Activity:
Return only the lines of the listing below that run from the line with "Best Background Video" through the line with "High Lumens Led", both ends included, exactly as written.

Records shown:
▼
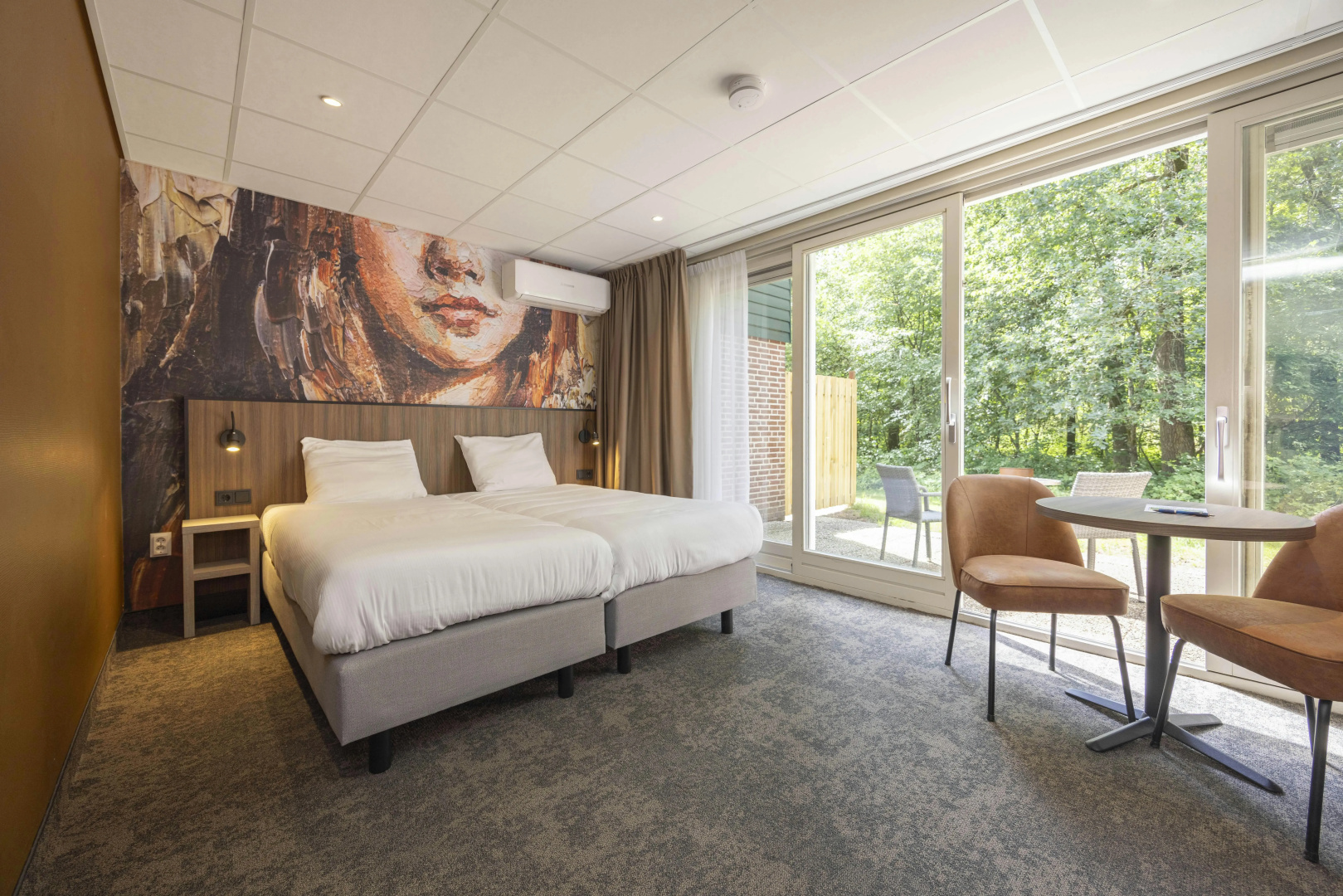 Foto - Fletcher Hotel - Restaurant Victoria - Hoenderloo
▲
▼
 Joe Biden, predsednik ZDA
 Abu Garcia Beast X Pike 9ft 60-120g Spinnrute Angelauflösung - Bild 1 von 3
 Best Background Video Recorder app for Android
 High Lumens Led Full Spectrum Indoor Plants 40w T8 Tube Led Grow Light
▲
Result:
 Best Background Video Recorder app for Android
 High Lumens Led Full Spectrum Indoor Plants 40w T8 Tube Led Grow Light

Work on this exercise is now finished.